DOC Clarify how mixed array input types handled in array api #31452

lucyleeow · 2025-05-29T10:54:47Z

Reference Issues/PRs

Update documentation now that we have reach consensus on these issues:

closes #31286 (I think no more work is required for this as currently all converted metrics are outputting array in the same namespace/device as input)

Towards #28668
Towards #31274

I have not said close for these 2 because we would need to implement conversion of mixed inputs.

What does this implement/fix? Explain your changes.

Clarify in docs:

everything follows X for estimators
everything follows y_pred for scoring functions
when a scoring function outputs several values, an array of the same namespace and device is output

I realise that this update to the docs is not yet true, but I think this okay as I don't think this will get into 1.7, thus will be in dev docs only, and I think we will have implemented it by next release.
Otherwise, happy to leave this PR and implement the mixed input type conversion first.

Any other comments?

I tried to give reasons as to why we made these decisions. Hopefully it is clear and concise (and correct...), but happy to change/fix.

cc @ogrisel @betatim maybe @StefanieSenger

github-actions · 2025-05-29T10:55:44Z

✔️ Linting Passed

All linting checks passed. Your pull request is in excellent shape! ☀️

_{Generated for commit: 22774b5. Link to the linter CI: here}

StefanieSenger

Thanks for your work @lucyleeow!

I like the clarity of how this new addition is written and I am sure it will help many users. I have left a few minor comments, and I have some more general comments.

What about starting this section with a fast to grasp takeaway for our user's mental model, that we have taken months to uncover: To clearly state that other array inputs follow X and y_pred in terms of array library and device?
Another feedback would be to re-think the heading of this paragraph. It now not only talks about return types, but also on the internal processing of inputs that follow X and y_pred.
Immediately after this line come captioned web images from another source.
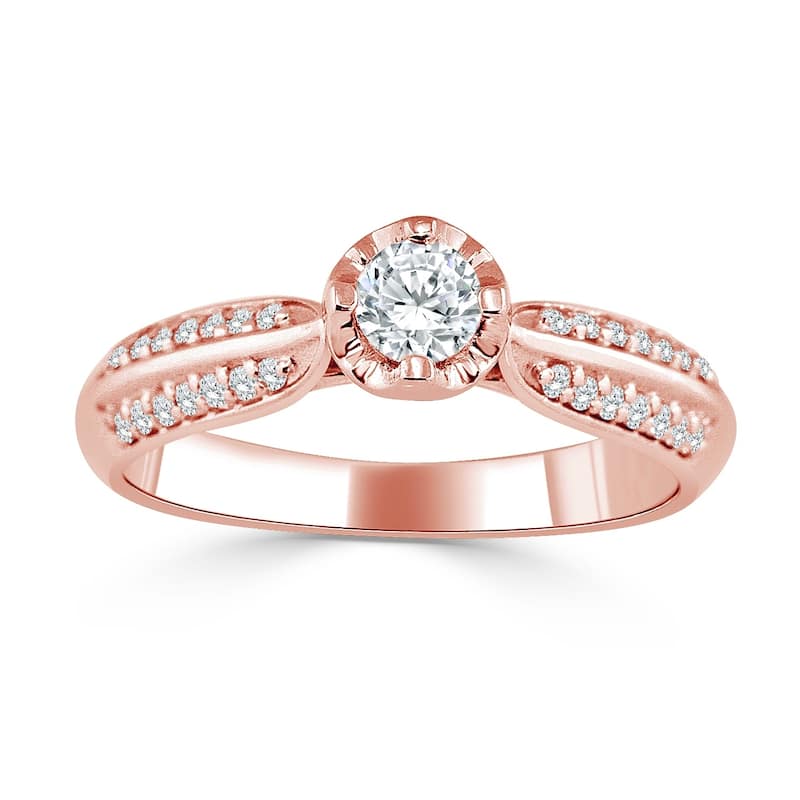 Auriya Petite 1/3ctw Round Diamond Engagement Ring 14k Gold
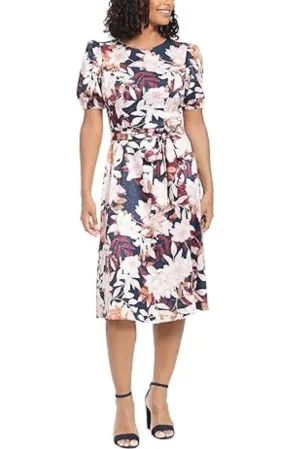 London Times Puff Sleeve Satin Midi Tie Waist Dress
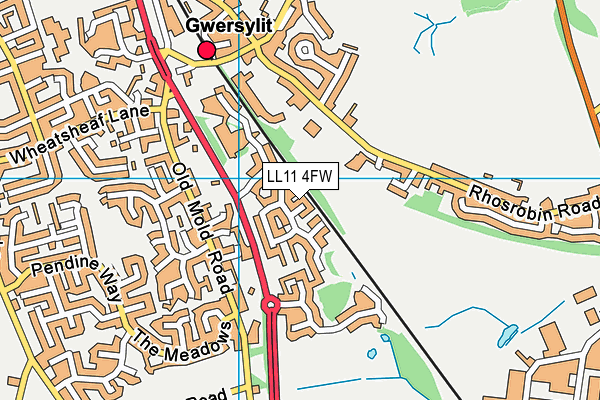 LL11 4FW map - OS VectorMap District (Ordnance Survey)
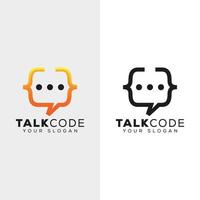 chat code logo or forum for programming logo design vector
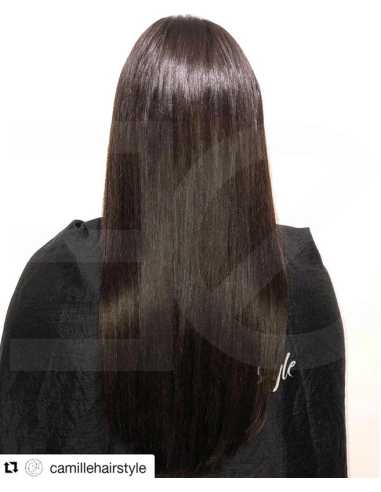 Extensiones de clip de pelo liso 53 cm - castaño oscuro
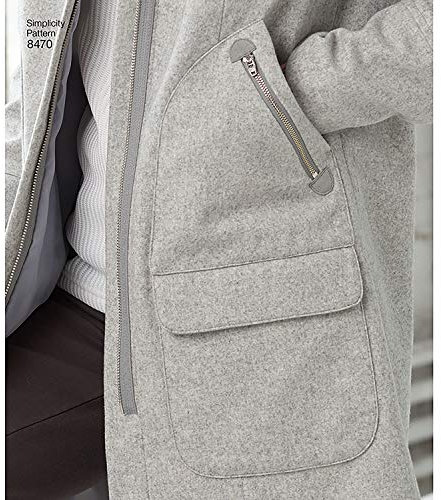 semplicità 8470 Modello 8470 da Donna Foderato Cappotto con Collo o Cappuccio e Tasca Varianti, Carta, Bianco, H5 (6 – 8-10 – 12 – 14)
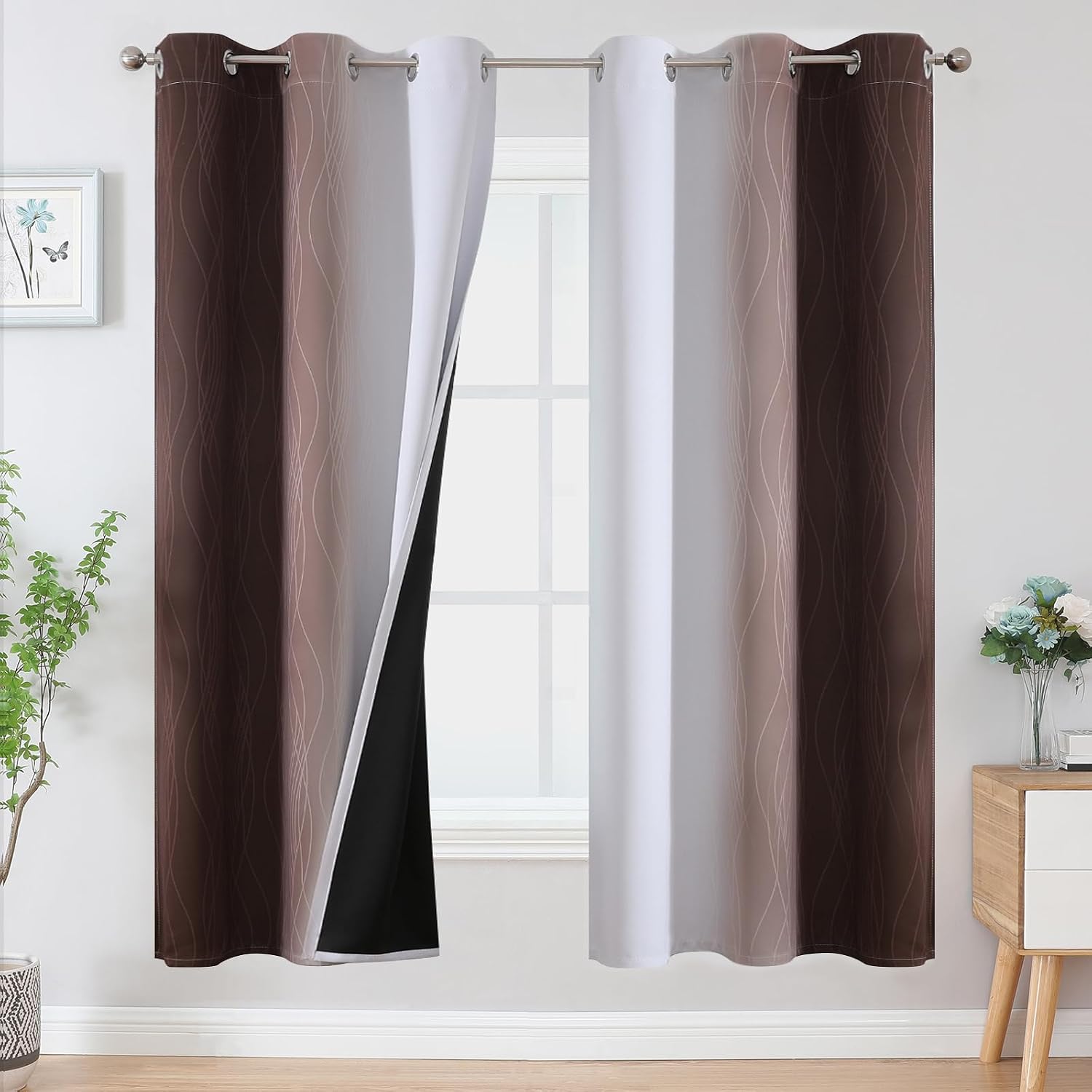 Estelartextiler Estelar Textiler Brown and Greyish White Blackout Curtains for Living Room, Full Room Darkening Grommet Ombre Curtains for…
Users interested in that might not expect this information under this heading.
And, there is something about a sub-part that I do not understand (and which might also happen to users): In lines 194-212 you showcase an example, where Xs namespace is changed during the process of going through a pipeline and there are several things unclear to me:

When a pipeline starts out on user input with X and y both being on CPU, then I would not expect scikit-learn to take any measures on automatically processing these on GPU for intermediate steps, since we don't even know if users have GPU...
At first sight it seems that the y follows X principle here is broken and upon thinking about it, I could then see that this part is to demonstrate how y being on the different namespace on the beginning of a new step of a pipeline demonstrates exactly how it follows X without that the user needs to take care of it. But right now, there is only a very subtle hint on this in this paragraph and this idea is not clearly expressed.
When you write "Note that scikit-learn pipelines do not allow transformation of y (to avoid
:ref:leakage <data_leakage>).": does that even include changes in which namespace y is stored, is that the reason you bring this up here?
I wonder, why X and y both need to be on CPU for TargetEncoder? Is there a technical reason or a more goal-oriented reason in terms of performance?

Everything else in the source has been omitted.